- [TASK TO CARRY OUT]: When the line with "IronChrome online show from 3, 11, 2025" comes up, set it down and every later line to the end of the data, exactly and without pictures.

--

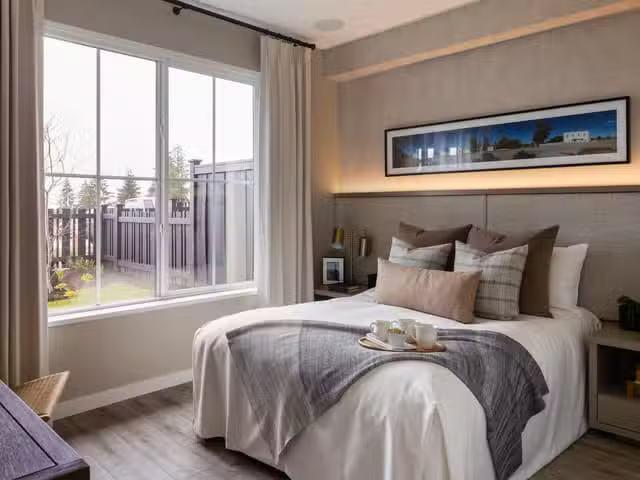 Townhouse for sale in Coquitlam, Coquitlam, 166 3637 Sheffield.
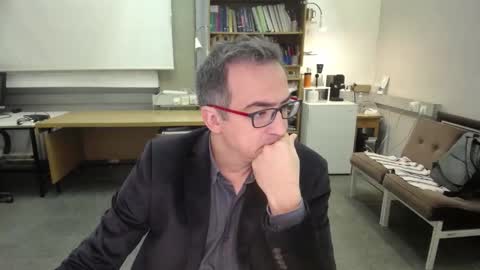 IronChrome online show from 3, 11, 2025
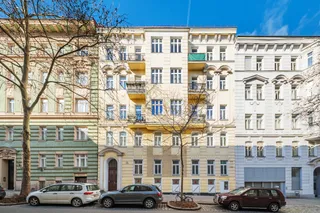 Erfolgreicher Zinshaus Deal beim Rochusmarkt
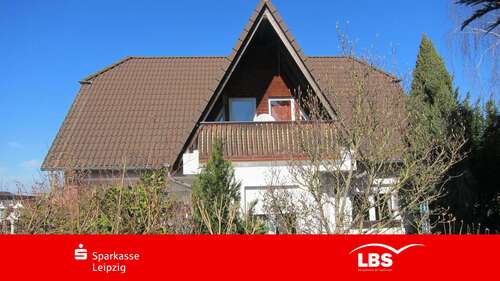 Foto - Haus zum Kaufen in Jesewitz 320.000,00 € 115 m²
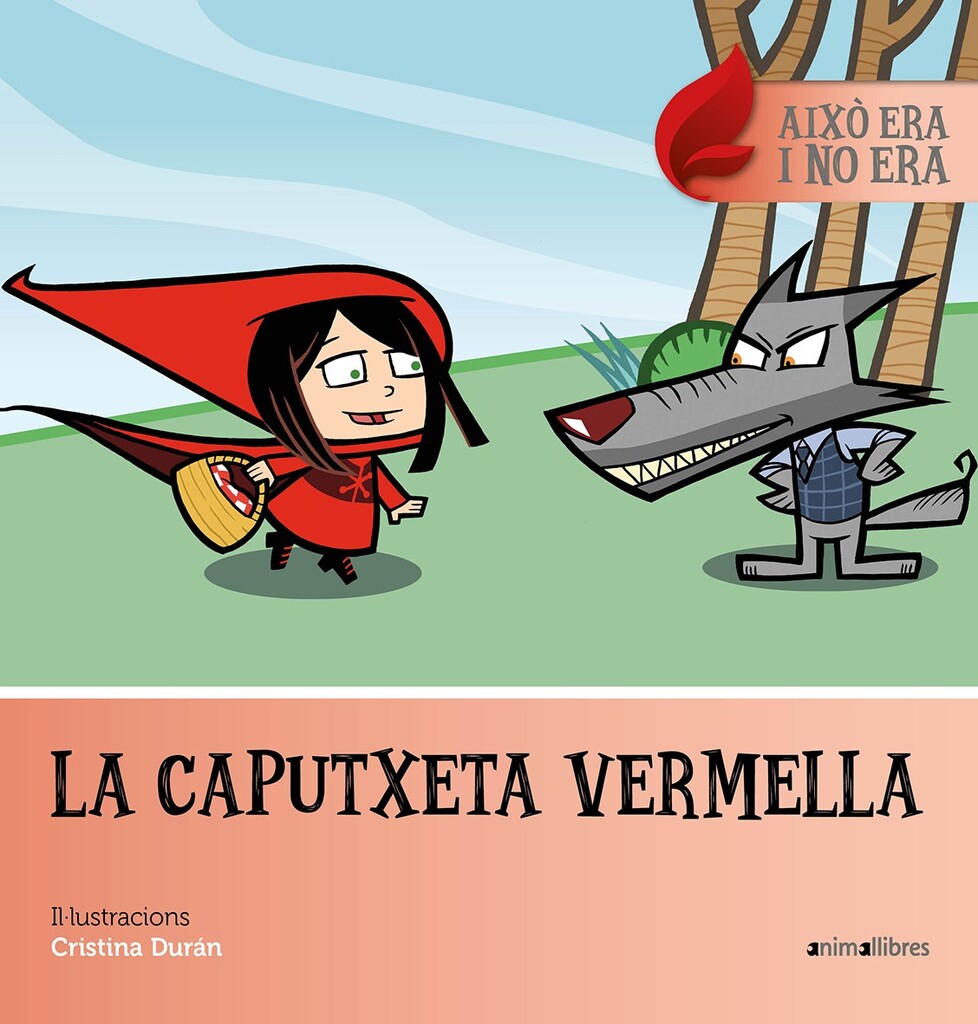 La cistella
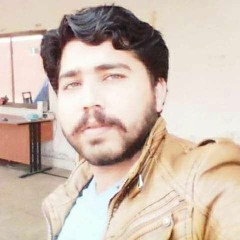 Muaaz Chohan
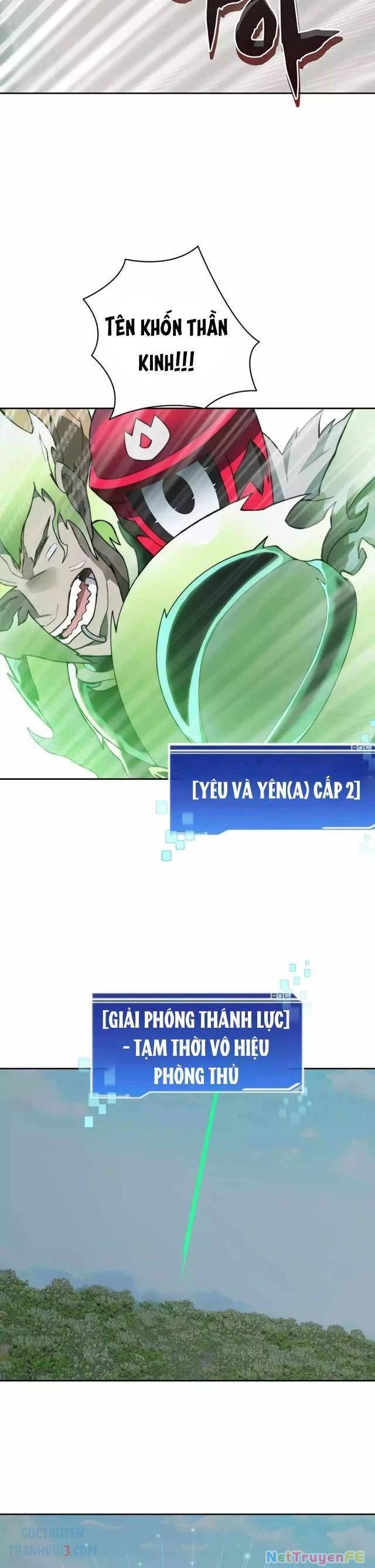 Mắc Kẹt Trong Tòa Tháp Thử Thách Chap 74 - Next Chap 75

--

- [YOUR SOLUTION]:
 IronChrome online show from 3, 11, 2025
 Erfolgreicher Zinshaus Deal beim Rochusmarkt
 Foto - Haus zum Kaufen in Jesewitz 320.000,00 € 115 m²
 La cistella
 Muaaz Chohan
 Mắc Kẹt Trong Tòa Tháp Thử Thách Chap 74 - Next Chap 75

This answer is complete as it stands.